Constructive criticism of government and office aspirants is something which keeps the true essence of democracy alive in a country

Supporting one’s country’s policies and performing civil duties are some of the ways of keeping our country on the path of prosperity and development while keeping track of government activities, questioning the integrity of individuals aspiring to political offices being vigilant about them and highlighting loopholes in policies are also needed in a democracy.

In our country, we have people with different ideologies — some criticise the government policies and some support them, while others remain at the top of it appreciating the good policies and highlighting the drawbacks to improving governance. Also during campaigns for election, many Nigerians will have different opinions about the person they want to lead the country.

It’s common nowadays to see society divided into segments each with a different perspective about the policies undertaken by their governments or about who should be their leader; it is something which keeps the true essence of democracy alive.
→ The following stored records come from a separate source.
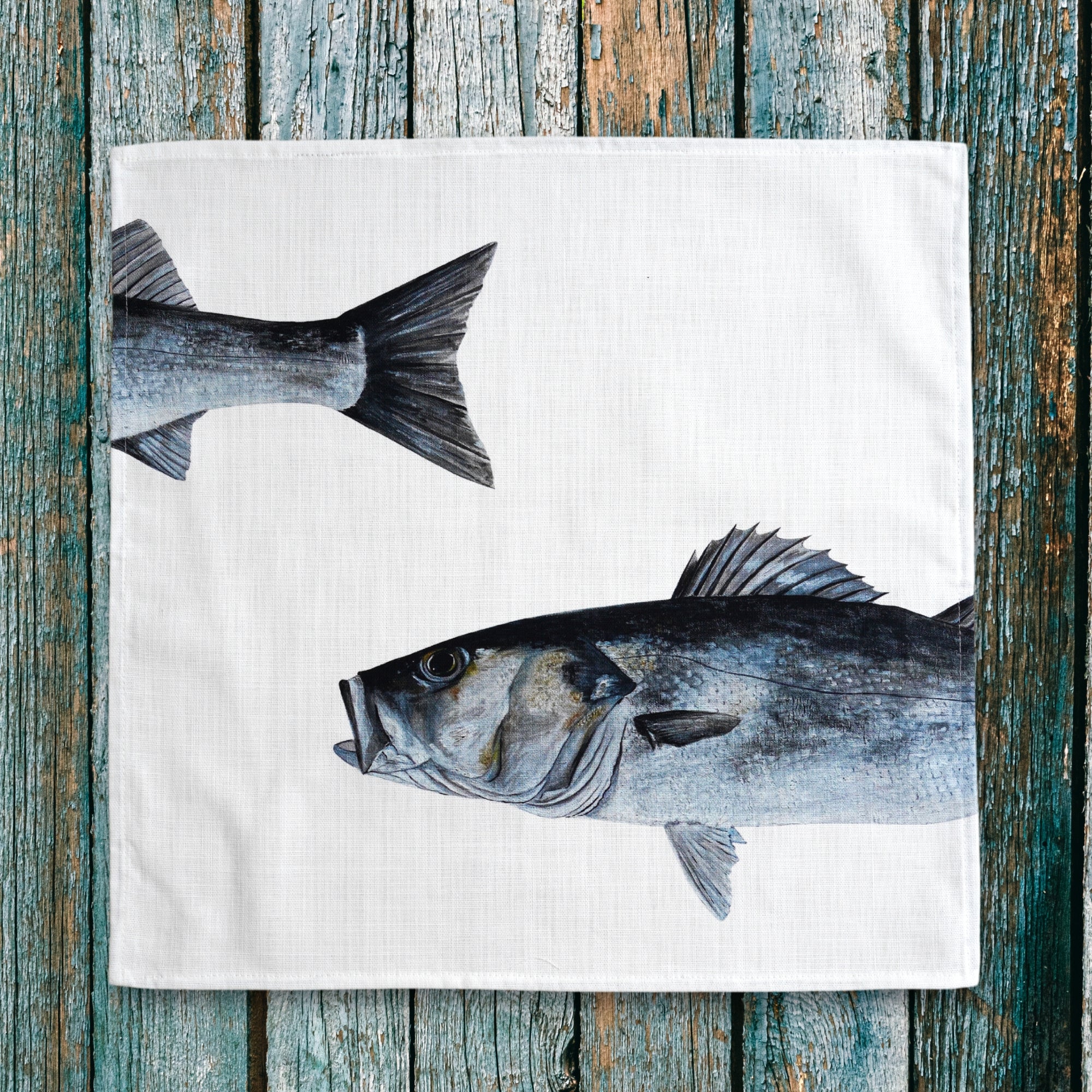 Pack de 6 serviettes de table : La Marée Bleue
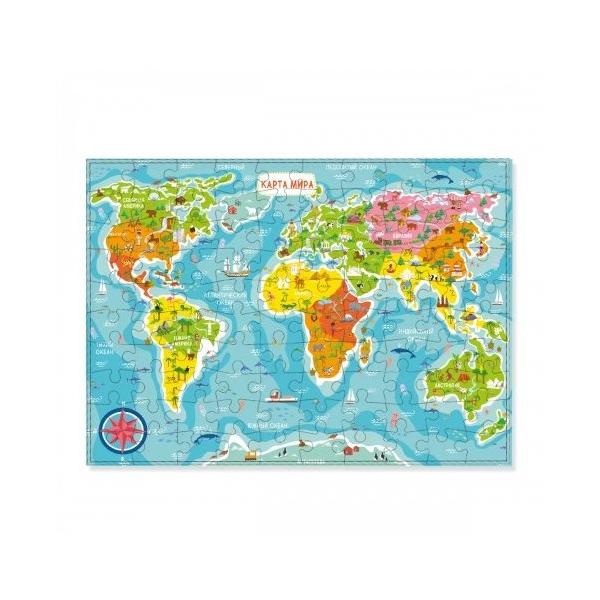 Пазл Dodo Карта мира (R100110), 100 дет.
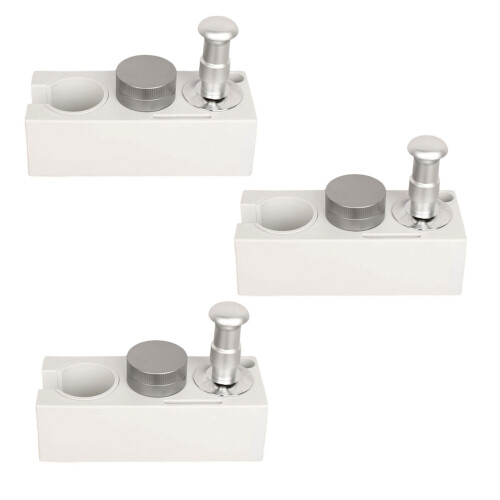 White Macromolecule Coffee Plunger Stand with 90 Stage-51mm 1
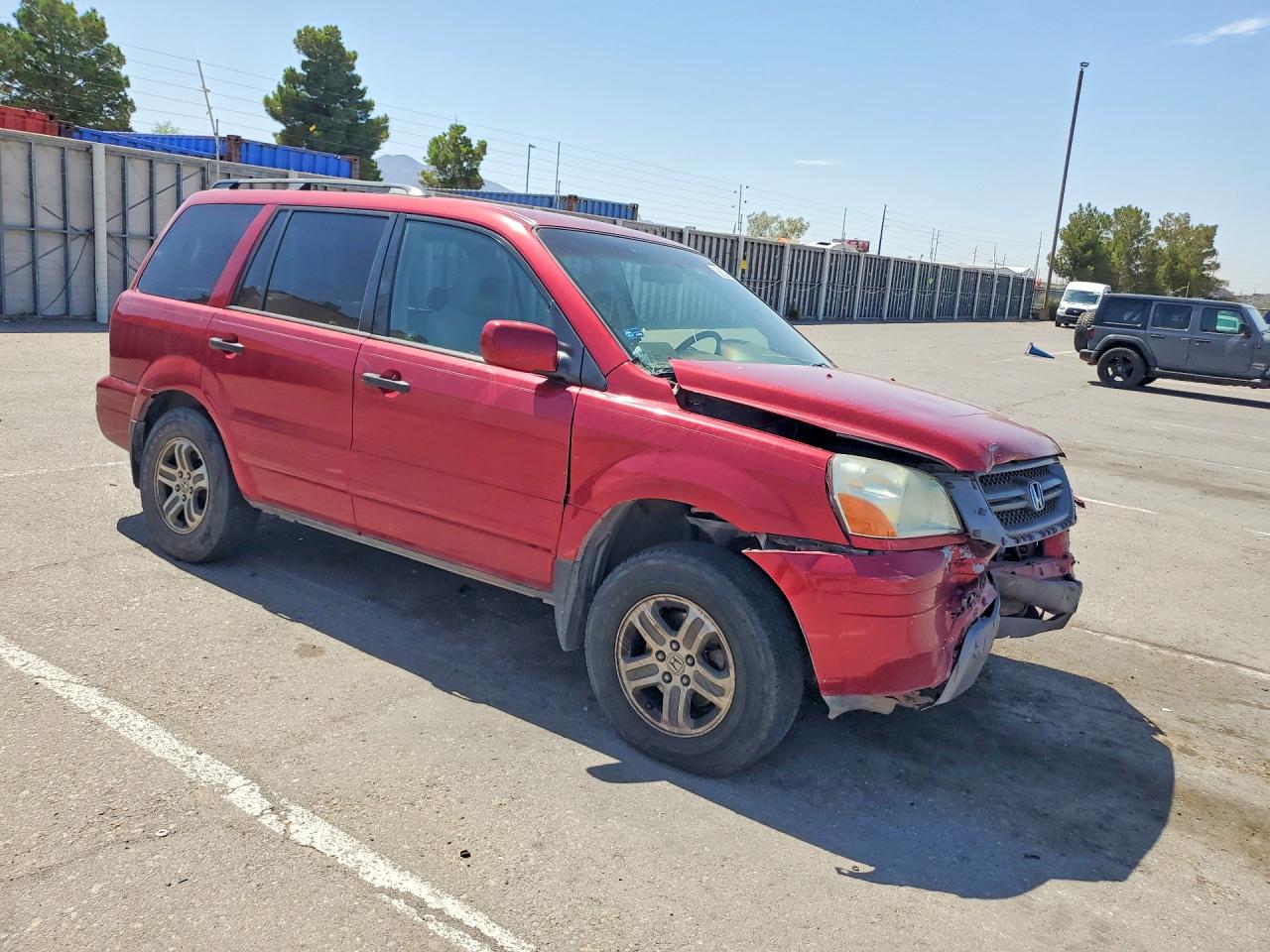 2004 Honda Pilot Exl Maroon vin: 2HKYF18634H619605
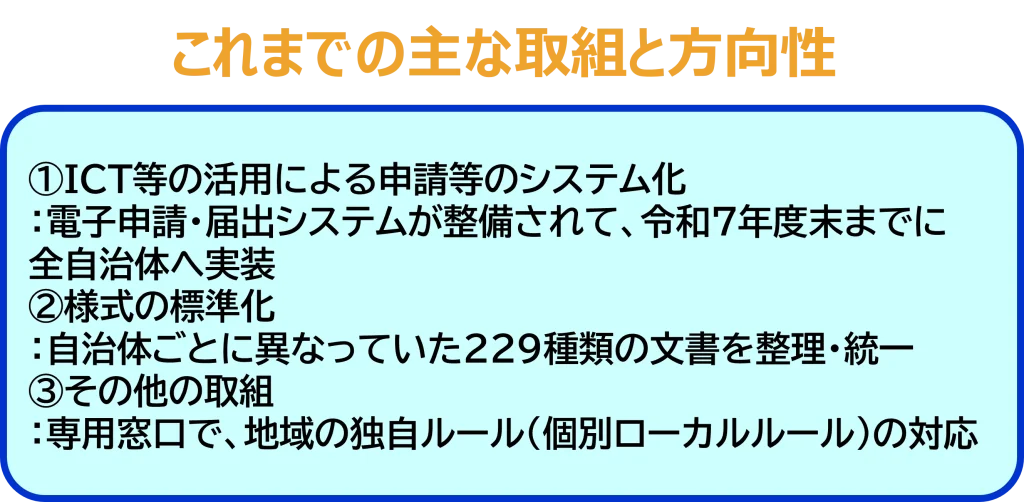 これまでの主な取組と方向性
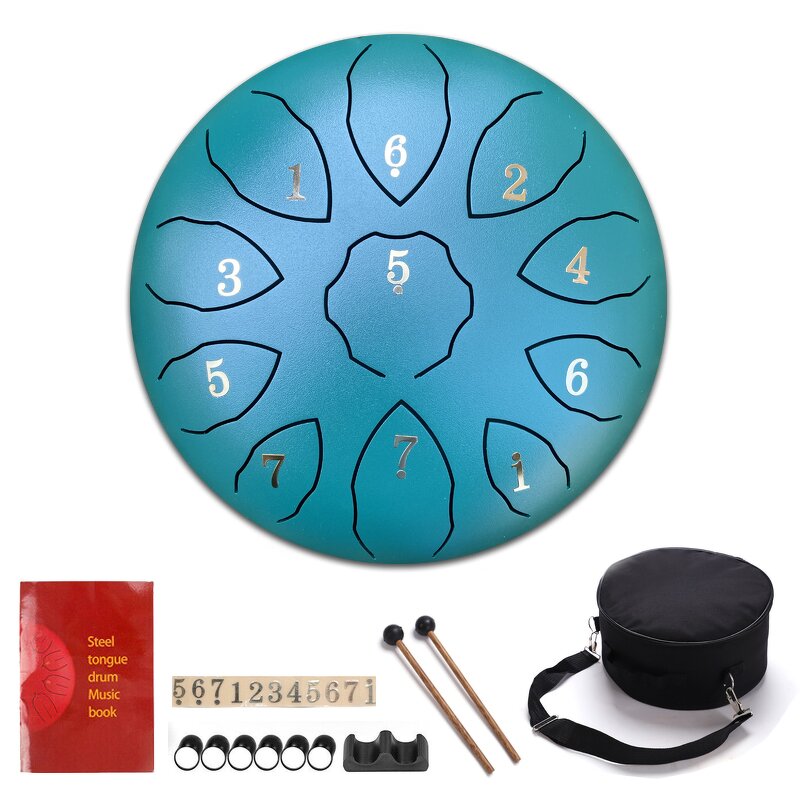 Tongue Drum Manufacturer - OEM/ODM 8 Inch 11 Tone Steel Percussion Drum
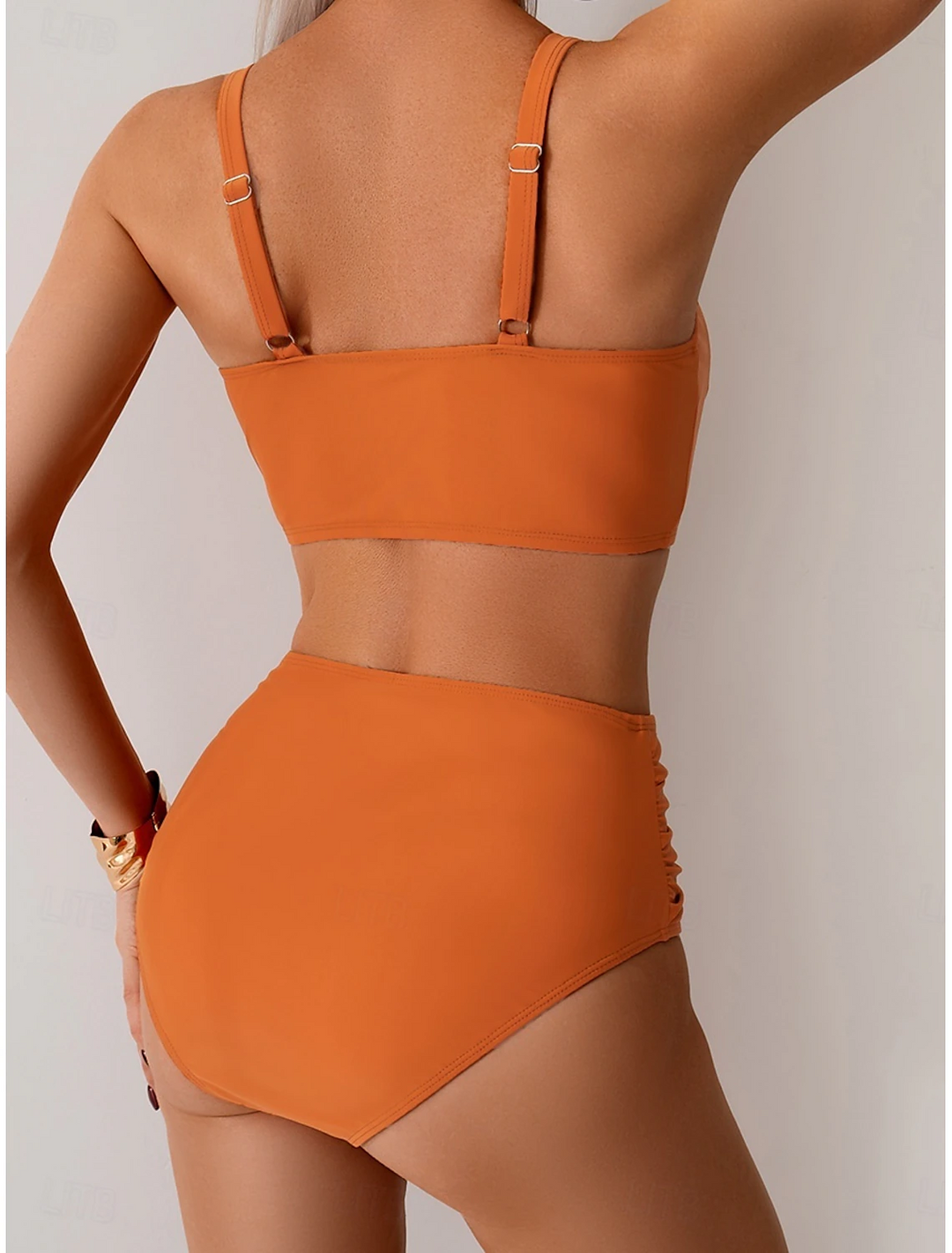 Nicole - Gathered Fabric Bikini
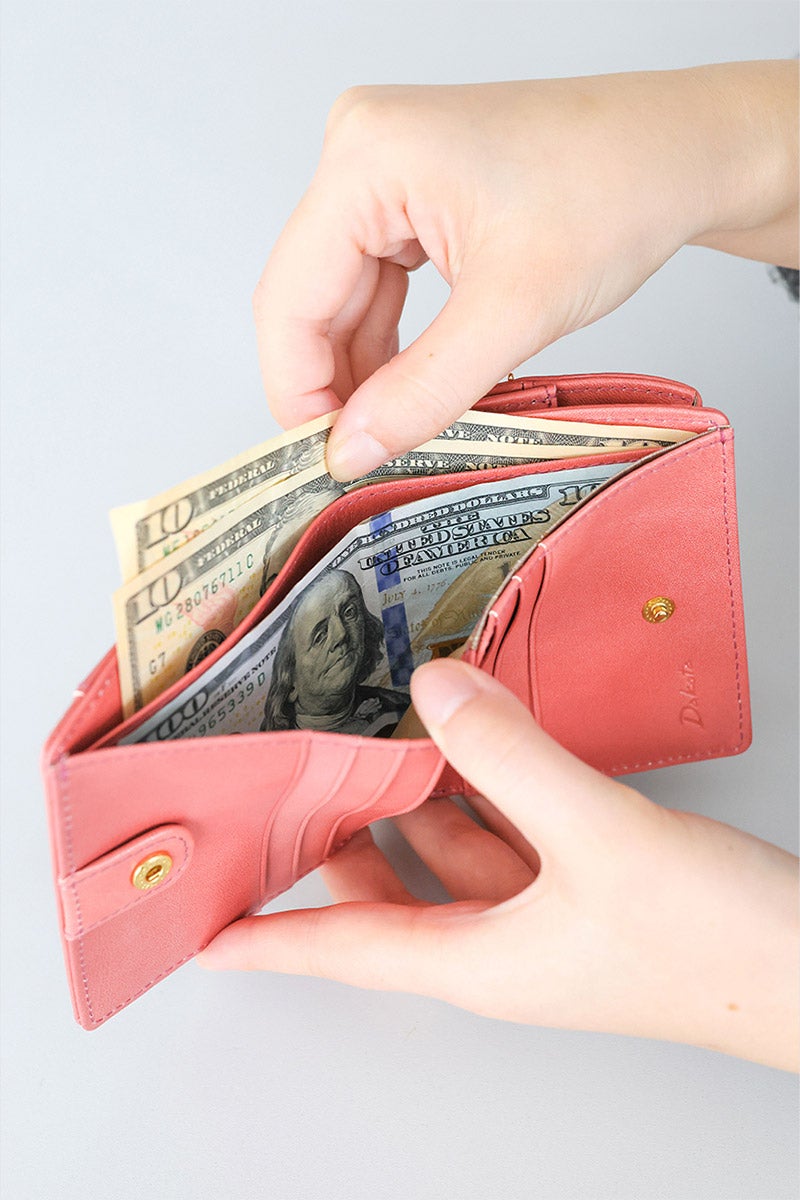 Dakota ダコタ エルビエ 小銭入れ付き二つ折り財布 0031920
There are many instances in the past of governance and society improving because of the positive, sometimes thorough criticism by some people or groups of them. These examples give democracies around the world a chance of improving the quality of governance and hence create a better society.

In recent years in Nigeria, there has been a gradual change in the perspective of the people regarding their governments. Some of these changes tend to thrift towards ethnic and religious biases or political affiliations. While some of them are a very good sign of a progressive society where freedom of speech flourishes, some of them are quite worrying too especially when religion, political affiliations and ethnicism form the main point of these criticisms and not the general good of the nation. There is a common notion among some citizens that criticising a leader from their own religion or tribe or party is probably wrong and they should never allow anyone to exercise their freedom of speech to criticise any government policy or aspiring political candidate that they belong to their party, tribe or that has earned their loyalty. Depriving people of exercising their freedom as citizens including freedom of expression is a grave violation of human rights no matter the motive. No one is above criticism no matter how anointed they are or the good track record they have. In 2015, many people voted for Buhari because he had a seemingly good track record of fighting corruption and an austere lifestyle, a perfect antidote to the corrupt PDP ruling party at that time. But today, such people live in grave regrets as Buhari’s regime turns out to be not only the most corrupt but also the most difficult for most Nigerian masses to cope with due to immense suffering and poverty.

This idea which is significant in numbers needs to be thoroughly assessed. Chances might be there that some of the criticism may not be on the right note, but many of them if they are considered carefully can be helpful in the real-time assessment of the needs and expectations of the people from the government. Unfortunately, there is a decline in these voices nowadays because of the constant threats and abuses heaped on those who have different opinions or interests from the rest of the people or the majority.

People should realise that it is not the driving force of praise and overwhelming support which keeps the wheels of a government moving but also the steering force of people’s participation and criticism which keep a check on government and individual interests, and modify them if they fail to meet the expectations of society as a whole. It should be kept in mind that the power vested in the hands of people in a democracy is not only utilised for blindly praising the government or political candidates, no matter how seemingly good they are or perform but it should be used as an aid, to advise and correct the government whenever required so that the efficiency and quality of governance and public office holders is maintained.